◆ **Requirement**
Look below for the line that has "绿草地 松树 金沙遗址". Set down the lines from there through the line that has "Gardzen 20-Pack 1", exactly as written.
START Data supplied
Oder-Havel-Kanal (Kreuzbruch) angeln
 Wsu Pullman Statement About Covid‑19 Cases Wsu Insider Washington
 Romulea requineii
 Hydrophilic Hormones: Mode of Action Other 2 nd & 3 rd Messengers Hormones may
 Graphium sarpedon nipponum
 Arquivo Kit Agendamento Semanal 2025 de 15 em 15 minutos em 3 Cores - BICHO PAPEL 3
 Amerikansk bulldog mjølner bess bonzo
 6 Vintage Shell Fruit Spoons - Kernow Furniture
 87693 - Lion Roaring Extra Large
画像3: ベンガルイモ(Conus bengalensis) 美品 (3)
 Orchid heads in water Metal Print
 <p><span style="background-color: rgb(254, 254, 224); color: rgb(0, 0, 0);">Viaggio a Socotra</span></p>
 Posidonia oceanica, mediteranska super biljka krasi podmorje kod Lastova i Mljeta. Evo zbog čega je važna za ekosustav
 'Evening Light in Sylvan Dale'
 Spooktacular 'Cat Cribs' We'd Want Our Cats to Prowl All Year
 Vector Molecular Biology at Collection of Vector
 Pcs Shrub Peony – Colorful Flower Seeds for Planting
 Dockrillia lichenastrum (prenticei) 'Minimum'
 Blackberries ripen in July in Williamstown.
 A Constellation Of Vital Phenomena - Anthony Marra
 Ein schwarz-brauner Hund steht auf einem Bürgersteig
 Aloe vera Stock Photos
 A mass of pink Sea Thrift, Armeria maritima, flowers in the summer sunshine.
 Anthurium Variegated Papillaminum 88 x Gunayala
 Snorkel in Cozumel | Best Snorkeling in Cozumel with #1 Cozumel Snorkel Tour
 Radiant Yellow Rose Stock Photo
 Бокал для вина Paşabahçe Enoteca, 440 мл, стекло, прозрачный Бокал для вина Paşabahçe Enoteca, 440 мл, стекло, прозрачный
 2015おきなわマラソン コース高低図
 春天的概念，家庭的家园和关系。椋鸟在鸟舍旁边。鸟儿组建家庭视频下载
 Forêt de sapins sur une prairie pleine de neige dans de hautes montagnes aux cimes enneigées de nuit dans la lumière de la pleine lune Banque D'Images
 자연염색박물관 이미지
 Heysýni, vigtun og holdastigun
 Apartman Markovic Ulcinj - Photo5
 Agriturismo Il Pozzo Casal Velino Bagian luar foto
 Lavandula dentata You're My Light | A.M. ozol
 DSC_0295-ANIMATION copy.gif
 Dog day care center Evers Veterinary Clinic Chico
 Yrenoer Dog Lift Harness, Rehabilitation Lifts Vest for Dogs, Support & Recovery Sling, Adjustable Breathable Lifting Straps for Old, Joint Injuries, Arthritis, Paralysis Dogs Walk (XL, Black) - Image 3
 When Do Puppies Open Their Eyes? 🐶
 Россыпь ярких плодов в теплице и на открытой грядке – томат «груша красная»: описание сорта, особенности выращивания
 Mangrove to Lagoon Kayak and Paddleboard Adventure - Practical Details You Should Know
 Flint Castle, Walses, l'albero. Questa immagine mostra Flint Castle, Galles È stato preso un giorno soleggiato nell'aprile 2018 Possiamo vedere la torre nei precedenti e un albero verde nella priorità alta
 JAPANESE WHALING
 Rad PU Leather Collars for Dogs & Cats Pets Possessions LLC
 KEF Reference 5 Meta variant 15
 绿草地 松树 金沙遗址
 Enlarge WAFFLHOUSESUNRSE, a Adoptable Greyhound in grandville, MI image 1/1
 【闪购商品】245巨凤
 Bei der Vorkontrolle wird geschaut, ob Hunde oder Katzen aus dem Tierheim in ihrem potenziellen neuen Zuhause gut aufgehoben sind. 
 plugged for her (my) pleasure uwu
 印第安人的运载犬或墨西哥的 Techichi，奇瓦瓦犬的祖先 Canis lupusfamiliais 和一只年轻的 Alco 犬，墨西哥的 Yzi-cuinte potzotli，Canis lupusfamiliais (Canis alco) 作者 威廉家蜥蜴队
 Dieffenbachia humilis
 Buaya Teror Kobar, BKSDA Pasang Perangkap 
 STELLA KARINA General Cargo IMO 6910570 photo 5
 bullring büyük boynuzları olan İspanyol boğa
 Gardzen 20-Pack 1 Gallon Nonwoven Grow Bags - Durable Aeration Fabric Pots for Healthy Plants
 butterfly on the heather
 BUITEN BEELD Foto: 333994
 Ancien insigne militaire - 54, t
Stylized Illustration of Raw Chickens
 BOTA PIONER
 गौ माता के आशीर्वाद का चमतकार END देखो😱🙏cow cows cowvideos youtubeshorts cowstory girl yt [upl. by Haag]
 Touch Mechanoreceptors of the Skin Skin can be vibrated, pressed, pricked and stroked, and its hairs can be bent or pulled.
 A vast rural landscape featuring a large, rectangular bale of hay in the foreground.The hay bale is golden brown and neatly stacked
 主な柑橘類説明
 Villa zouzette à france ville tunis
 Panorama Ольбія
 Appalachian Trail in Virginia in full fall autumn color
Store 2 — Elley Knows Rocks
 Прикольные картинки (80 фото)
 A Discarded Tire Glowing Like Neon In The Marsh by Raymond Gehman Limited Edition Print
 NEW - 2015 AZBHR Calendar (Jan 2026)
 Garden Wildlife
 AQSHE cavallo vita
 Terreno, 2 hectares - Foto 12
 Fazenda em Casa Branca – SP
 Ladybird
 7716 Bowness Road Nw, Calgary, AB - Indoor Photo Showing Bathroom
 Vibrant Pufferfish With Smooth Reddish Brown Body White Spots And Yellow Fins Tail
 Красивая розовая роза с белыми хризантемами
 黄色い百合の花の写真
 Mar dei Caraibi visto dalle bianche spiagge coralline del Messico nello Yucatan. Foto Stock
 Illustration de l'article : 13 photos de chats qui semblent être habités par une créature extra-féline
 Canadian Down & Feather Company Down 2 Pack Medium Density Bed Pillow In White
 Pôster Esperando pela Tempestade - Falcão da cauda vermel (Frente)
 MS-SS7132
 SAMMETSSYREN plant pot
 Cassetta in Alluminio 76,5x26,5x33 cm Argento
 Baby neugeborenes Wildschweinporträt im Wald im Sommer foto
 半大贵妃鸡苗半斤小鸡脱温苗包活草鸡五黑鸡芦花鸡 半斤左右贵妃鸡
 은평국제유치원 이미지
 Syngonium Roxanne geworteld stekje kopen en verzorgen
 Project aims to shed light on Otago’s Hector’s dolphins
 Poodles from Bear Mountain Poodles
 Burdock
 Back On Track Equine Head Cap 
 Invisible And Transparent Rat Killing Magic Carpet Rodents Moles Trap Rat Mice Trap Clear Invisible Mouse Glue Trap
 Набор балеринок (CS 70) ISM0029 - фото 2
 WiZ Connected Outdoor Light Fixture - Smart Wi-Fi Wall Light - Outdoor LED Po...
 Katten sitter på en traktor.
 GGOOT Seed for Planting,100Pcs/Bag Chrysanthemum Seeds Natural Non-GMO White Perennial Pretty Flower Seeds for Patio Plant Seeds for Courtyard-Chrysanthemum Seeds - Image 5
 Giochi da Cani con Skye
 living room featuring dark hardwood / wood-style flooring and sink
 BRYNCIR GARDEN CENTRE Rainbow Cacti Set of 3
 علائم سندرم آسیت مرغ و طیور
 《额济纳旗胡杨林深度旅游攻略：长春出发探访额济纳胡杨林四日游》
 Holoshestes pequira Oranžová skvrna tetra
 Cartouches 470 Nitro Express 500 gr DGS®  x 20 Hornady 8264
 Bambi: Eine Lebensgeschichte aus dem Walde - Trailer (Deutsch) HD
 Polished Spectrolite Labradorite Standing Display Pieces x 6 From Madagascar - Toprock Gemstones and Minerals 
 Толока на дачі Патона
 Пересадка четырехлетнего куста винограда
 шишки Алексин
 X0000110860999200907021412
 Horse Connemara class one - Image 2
END Data supplied
◆ **Solved problem**
 绿草地 松树 金沙遗址
 Enlarge WAFFLHOUSESUNRSE, a Adoptable Greyhound in grandville, MI image 1/1
 【闪购商品】245巨凤
 Bei der Vorkontrolle wird geschaut, ob Hunde oder Katzen aus dem Tierheim in ihrem potenziellen neuen Zuhause gut aufgehoben sind. 
 plugged for her (my) pleasure uwu
 印第安人的运载犬或墨西哥的 Techichi，奇瓦瓦犬的祖先 Canis lupusfamiliais 和一只年轻的 Alco 犬，墨西哥的 Yzi-cuinte potzotli，Canis lupusfamiliais (Canis alco) 作者 威廉家蜥蜴队
 Dieffenbachia humilis
 Buaya Teror Kobar, BKSDA Pasang Perangkap 
 STELLA KARINA General Cargo IMO 6910570 photo 5
 bullring büyük boynuzları olan İspanyol boğa
 Gardzen 20-Pack 1 Gallon Nonwoven Grow Bags - Durable Aeration Fabric Pots for Healthy Plants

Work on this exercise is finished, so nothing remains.